Stories: A crucial curriculum

Children are inherent storytellers and engage with them naturally and with enjoyment. Allowing them to embrace a love of stories, and allowing them to engage with fiction, both in and outside of the classroom shows children that learning takes place in many forms. They come to experience reading, books and learning as fun and positive activities – not the chore that children often associate with formal education. In addition, reading fiction and enjoying stories is known to cut stress, and makes children more receptive and empathetic.

Studies further show the imprint that reading fiction leaves on the brain –physically changing neural connectivities. Furhermore, a  study of 17,000 people from birth indicates that reading for pleasure improves not just literacy, but maths ability too. It was linked to greater intellectual progress, both in vocabulary, spelling and mathematics. It is vital that children enjoy reading - motivation is essential for acquiring literacy skills. Reading for pleasure is more important than either wealth or social class as an indicator of success at school.

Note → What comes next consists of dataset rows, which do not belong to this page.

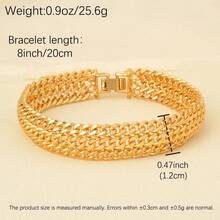 2pcs/Set 14K Gold Plated Copper Wide Cuban Chain Jewelry Set, Chunky Personalized Necklace & Bracelet, Vintage Hip Hop Daily Party Fashion Accessories, Unisex - Gold - View 6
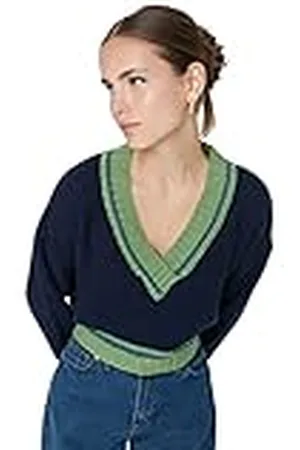 Trendyol Suéter de Punto básico con Cuello en V y Ajuste Regular Young Sudadera, , L para Mujer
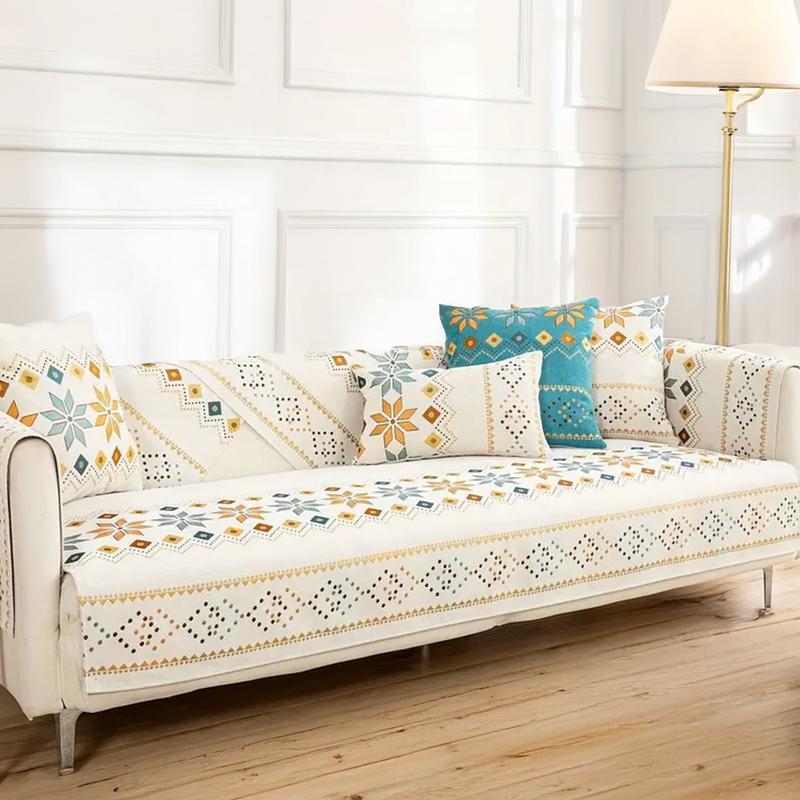 1 Count Sofa Cover, 2-4 Seat Chenier Couch Cover, Anti-sip Bench Sofa Protector, Machine Washable Slipcover, Pet-friendly sofa Towel Mat, Sofa Comfortable Furniture Protector for Home, Living Room, Dormitory, Hotel, Beige, Gray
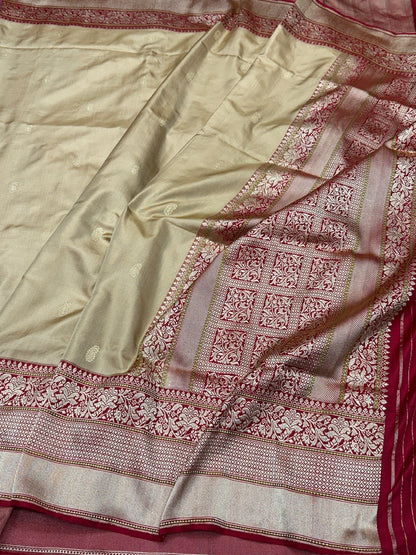 Cream Handwoven Pure Banarasi Ektara Silk Saree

This World Storytelling Day, it is important as teachers, parents and other adult role models, to engage with the stories that children tell, and the ones they’re interested in. Often, the stories that children love resemble their lives in some way. They come to school with stories from home, and go back home with stories from school. In their first few years, children attempt to draw conclusions about life, and how to live from the world around them and this process is influenced significantly by how much you allow them to engage with stories. Instead of simply seeing childhood imagination as an amusing personal quirk, valuing the place of stories within communities and within a child’s world affirms and shows them that their voice and their narrative is valid. Moreover, it gives them the space to grow their curiosity and their love for books. Ultimately, reading with your child at home and telling them stories is the easy home-made recipe for both educational success and emotional intelligence.